## [Aim of the exercise]
Would you retype the listing word for word, skipping its pictures?

## [Collected material]
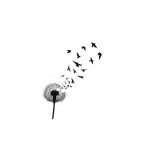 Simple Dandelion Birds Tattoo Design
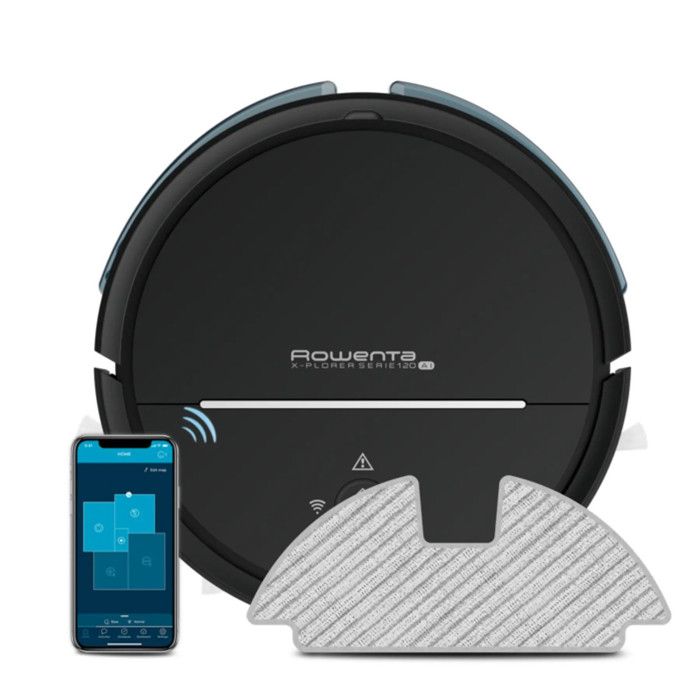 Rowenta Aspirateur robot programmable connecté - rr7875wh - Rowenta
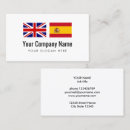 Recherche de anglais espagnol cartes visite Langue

## [Exercise solution]
 Simple Dandelion Birds Tattoo Design
 Rowenta Aspirateur robot programmable connecté - rr7875wh - Rowenta
 Recherche de anglais espagnol cartes visite Langue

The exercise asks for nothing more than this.